Les catholiques jurassiens commémorent cette année les 150 ans du couronnement solennel de Notre-Dame du Vorbourg. Haut-lieu de la foi, le Vorbourg est aussi intimement ancré dans la culture, les traditions et l’histoire politique du Jura. Depuis un siècle et demi, des milliers de pèlerins y affluent au mois de septembre à l’occasion des fêtes du Vorbourg.

En 1869, l’évêque de Bâle, Mgr Eugène Lachat, ancien curé de Delémont, demande au pape Pie IX, l’autorisation de couronner la Vierge du Vorbourg située sur un promontoire aux portes de la cité jurassienne. Le couronnement, le 12 septembre, est une cérémonie grandiose. L’évêque, accompagné de l’Abbé du monastère de Mariastein et de nombreux prêtres jurassiens, conduit la procession à laquelle les fidèles accourent de toutes les localités voisines. Une neuvaine a précédé la célébration et durant la semaine suivante une grand-messe est chantée chaque jour pour les diverses paroisses de la région. La ville de Delémont est pavoisée pendant le jour et illuminée la nuit.

Démonstration de foi, démonstration de force

Démonstration de foi et de piété, le couronnement est aussi une démonstration de force des catholiques jurassiens face aux autorités bernoises. Durant la deuxième moitié du XIXe siècle, la tension n’a cessé de monter entre l’Eglise et les gouvernements libéraux établis dans les divers cantons suisses. Rattachés au canton de Berne depuis 1815, les Jurassiens brandissent leur religion catholique comme signe identitaire. Spoliations des biens ecclésiastiques, saisie des couvents, fermetures d’écoles, vexations contre le clergé, les occasions ne manquent pas pour soulever les foules. En 1869, le Jura est à la veille de la tourmente du Kulturkampf qui submergera l’Eglise jurassienne en 1873-1874.

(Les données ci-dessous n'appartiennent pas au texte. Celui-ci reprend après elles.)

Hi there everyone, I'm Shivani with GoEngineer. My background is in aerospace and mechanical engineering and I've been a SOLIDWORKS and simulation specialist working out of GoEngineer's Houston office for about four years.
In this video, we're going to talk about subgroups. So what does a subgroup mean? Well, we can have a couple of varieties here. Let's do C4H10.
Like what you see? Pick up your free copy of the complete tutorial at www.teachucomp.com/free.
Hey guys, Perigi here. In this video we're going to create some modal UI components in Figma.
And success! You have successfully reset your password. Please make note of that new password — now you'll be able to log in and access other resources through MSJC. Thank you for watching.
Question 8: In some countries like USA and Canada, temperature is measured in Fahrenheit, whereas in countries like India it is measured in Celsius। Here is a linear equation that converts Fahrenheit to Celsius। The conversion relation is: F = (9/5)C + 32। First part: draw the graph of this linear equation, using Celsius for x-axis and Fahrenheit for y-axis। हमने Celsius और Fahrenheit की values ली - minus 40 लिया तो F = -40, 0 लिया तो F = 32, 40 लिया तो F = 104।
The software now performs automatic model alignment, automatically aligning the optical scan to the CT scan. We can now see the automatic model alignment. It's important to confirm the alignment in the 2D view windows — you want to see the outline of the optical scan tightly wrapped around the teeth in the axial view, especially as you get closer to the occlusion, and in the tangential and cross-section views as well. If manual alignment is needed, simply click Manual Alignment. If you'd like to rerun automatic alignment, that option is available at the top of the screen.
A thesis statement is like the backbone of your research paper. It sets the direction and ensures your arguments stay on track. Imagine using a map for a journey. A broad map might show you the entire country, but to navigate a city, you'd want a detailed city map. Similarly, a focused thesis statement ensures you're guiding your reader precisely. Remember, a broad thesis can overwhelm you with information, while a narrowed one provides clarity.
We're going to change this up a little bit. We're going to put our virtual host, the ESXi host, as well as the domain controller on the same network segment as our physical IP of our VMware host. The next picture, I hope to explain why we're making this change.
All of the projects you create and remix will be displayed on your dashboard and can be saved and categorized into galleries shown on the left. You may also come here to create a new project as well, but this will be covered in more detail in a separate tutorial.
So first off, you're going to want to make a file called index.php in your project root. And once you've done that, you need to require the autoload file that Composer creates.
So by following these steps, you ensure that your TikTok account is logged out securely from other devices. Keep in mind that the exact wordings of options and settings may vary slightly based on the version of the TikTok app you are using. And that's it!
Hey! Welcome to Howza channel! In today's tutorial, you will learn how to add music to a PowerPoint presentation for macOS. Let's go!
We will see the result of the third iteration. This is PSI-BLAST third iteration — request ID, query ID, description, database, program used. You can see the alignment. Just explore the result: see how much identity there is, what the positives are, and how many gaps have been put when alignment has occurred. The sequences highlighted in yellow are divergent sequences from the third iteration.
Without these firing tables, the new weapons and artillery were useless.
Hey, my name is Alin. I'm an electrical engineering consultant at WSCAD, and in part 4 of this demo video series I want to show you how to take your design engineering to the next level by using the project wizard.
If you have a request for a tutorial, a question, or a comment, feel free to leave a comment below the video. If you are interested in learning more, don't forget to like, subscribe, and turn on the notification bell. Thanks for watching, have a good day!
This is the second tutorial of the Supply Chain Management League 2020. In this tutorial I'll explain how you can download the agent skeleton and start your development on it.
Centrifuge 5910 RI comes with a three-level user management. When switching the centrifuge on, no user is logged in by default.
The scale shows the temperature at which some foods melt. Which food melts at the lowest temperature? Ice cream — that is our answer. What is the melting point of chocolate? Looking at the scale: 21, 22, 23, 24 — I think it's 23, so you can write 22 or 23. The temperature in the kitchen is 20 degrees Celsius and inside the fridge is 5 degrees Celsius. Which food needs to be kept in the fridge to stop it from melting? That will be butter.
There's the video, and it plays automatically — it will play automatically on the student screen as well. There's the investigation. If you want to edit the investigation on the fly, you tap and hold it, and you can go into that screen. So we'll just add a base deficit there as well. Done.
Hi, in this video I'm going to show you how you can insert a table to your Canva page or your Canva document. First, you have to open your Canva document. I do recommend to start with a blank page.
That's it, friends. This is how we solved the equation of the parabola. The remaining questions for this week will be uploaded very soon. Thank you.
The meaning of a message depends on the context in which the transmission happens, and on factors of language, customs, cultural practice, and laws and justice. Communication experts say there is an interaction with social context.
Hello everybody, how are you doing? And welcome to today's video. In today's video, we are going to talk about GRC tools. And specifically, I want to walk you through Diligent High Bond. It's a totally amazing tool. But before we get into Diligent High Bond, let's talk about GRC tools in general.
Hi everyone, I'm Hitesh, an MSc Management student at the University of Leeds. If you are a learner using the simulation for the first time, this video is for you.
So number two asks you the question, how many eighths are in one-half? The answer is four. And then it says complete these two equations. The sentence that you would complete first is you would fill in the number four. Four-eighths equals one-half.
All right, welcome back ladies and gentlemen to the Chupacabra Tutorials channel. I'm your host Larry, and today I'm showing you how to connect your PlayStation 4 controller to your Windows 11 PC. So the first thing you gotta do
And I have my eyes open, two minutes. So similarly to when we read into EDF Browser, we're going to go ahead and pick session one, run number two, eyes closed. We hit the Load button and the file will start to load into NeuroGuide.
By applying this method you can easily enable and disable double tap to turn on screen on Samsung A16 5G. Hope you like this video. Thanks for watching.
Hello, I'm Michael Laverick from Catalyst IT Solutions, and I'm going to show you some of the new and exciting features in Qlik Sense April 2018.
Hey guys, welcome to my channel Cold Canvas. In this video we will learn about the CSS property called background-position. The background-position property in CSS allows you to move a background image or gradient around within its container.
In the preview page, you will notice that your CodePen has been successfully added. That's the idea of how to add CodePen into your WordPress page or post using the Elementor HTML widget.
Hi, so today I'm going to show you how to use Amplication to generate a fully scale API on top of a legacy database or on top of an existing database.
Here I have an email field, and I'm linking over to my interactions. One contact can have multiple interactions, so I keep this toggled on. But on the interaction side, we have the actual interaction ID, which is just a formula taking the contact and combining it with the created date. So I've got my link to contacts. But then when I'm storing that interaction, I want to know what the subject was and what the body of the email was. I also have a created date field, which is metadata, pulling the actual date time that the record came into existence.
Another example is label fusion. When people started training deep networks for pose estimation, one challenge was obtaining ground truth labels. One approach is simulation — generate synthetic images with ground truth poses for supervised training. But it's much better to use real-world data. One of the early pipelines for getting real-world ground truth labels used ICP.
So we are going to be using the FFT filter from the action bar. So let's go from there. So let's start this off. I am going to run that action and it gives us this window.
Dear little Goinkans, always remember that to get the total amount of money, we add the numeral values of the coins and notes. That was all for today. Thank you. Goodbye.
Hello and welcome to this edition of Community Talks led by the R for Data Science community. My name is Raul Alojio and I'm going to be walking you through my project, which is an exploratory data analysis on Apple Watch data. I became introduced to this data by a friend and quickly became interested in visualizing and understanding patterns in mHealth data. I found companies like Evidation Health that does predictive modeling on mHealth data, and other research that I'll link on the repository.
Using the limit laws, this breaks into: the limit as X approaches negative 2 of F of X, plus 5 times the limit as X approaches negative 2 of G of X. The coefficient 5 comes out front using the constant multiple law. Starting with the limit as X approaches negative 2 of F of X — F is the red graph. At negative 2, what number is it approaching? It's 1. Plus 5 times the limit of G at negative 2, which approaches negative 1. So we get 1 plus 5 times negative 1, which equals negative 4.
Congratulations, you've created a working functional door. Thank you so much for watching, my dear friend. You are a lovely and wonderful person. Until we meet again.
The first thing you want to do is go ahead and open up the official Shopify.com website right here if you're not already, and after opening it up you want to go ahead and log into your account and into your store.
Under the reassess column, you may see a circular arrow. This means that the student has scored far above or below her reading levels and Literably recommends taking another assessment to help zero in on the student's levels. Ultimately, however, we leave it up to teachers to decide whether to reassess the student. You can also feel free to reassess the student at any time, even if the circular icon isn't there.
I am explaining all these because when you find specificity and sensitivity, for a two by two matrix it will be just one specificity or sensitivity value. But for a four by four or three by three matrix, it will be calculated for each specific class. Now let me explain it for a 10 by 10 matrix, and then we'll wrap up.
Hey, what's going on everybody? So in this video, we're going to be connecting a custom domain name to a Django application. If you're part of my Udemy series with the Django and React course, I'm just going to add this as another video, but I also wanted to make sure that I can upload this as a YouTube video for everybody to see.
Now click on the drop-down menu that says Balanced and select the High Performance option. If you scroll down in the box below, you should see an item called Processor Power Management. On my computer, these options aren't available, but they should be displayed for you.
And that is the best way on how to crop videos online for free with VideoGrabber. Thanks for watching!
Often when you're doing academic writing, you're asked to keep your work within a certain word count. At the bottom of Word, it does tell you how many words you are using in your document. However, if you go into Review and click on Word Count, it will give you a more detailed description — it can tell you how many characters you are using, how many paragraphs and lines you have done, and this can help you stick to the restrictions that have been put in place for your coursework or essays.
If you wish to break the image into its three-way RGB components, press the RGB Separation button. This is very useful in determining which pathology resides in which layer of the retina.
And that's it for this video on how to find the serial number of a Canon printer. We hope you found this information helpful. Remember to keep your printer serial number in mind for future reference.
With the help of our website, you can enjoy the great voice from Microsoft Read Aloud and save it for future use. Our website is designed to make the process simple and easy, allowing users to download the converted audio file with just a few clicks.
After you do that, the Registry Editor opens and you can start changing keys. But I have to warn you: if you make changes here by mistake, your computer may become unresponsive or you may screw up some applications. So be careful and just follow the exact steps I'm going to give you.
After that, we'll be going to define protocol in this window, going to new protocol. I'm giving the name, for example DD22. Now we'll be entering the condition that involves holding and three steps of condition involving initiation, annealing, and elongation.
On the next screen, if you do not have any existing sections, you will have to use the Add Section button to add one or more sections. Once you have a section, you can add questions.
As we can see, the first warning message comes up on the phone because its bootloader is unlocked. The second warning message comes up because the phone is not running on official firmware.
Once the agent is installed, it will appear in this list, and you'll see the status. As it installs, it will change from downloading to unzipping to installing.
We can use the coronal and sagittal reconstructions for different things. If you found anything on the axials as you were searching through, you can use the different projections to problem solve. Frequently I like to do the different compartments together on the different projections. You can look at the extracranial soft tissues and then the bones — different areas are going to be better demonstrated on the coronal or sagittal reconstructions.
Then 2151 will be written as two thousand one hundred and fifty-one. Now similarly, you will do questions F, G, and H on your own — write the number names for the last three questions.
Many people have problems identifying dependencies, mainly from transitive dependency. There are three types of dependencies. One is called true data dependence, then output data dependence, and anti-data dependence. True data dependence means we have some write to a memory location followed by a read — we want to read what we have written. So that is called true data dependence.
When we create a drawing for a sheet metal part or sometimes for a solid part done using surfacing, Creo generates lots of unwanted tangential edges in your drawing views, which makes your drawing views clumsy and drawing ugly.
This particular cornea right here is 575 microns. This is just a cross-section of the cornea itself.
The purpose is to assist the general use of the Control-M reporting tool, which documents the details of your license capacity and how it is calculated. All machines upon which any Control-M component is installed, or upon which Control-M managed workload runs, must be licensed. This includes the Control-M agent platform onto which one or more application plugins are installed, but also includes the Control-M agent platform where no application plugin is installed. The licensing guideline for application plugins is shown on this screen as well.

Un évêque en exil, des prêtres chassés

En réponse à la proclamation du dogme de l’infaillibilité pontificale par le concile Vatican I en juillet 1870, les cantons du diocèse de Bâle (sauf Zoug et Lucerne) destituent Mgr Lachat en 1873. L’évêque s’exile à Lucerne d’où il continue à diriger le diocèse. Commence alors une période de résistance pour les catholiques jurassiens dont le Vorbourg est un des lieux emblématiques.

En juillet 1873, le curé Vautrey de Delémont brave les interdits et monte en pèlerinage au Vorbourg. La préfecture n’ose pas intervenir. En janvier 1874, le Conseil exécutif bernois révoque tous les prêtres jurassiens qui soutiennent Lachat et les expulse du canton.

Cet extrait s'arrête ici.